### What is required
Restate exactly the lines below, from the one containing "Longway Scooter Metro" through the final line, and leave out the pictures.

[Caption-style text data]
══════
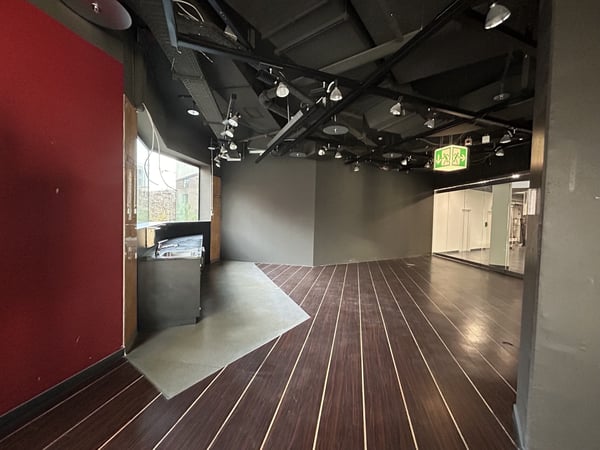 Attraktive Gewerbefläche im Voltacenter - im Herzen vom St. Johann 3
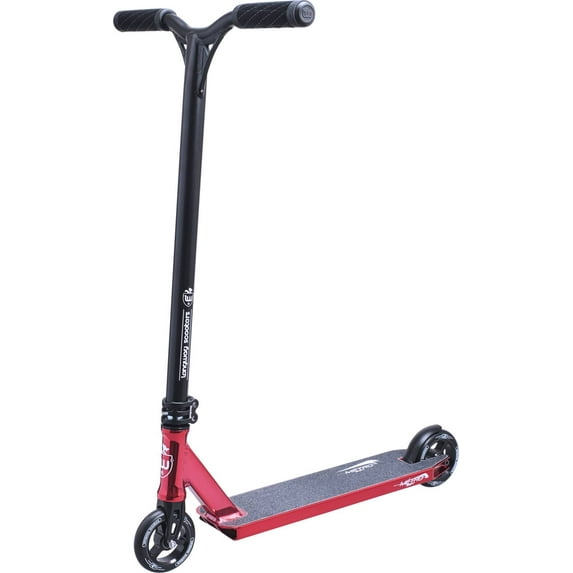 Longway Scooter Metro Shift Freestyle GEM-Line Complete- Ruby Red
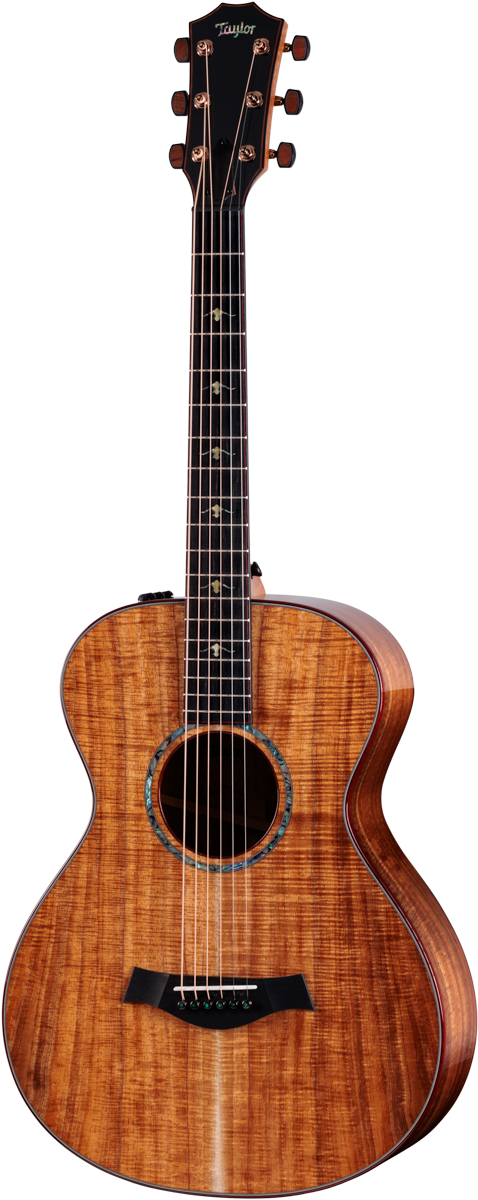 Taylor C22e 12-Fret B5040 – Grand Concert, AA-Grade Hawaiian Koa/AA-Grade Hawaiian Koa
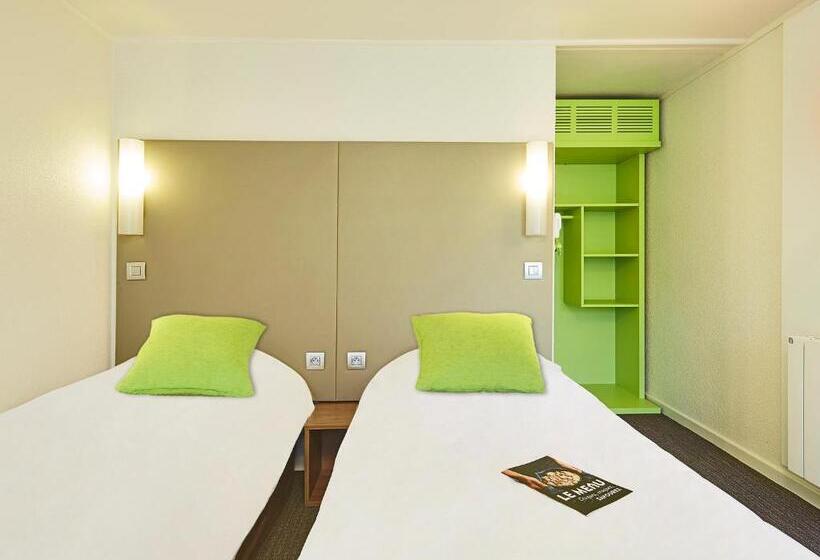 Номер Стандарт, Campanile Aixlesbains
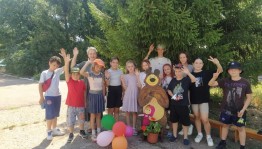 Фольклорные посиделки «Ожерелье татарских сказок»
══════
### Output
 Longway Scooter Metro Shift Freestyle GEM-Line Complete- Ruby Red
 Taylor C22e 12-Fret B5040 – Grand Concert, AA-Grade Hawaiian Koa/AA-Grade Hawaiian Koa
 Номер Стандарт, Campanile Aixlesbains
 Фольклорные посиделки «Ожерелье татарских сказок»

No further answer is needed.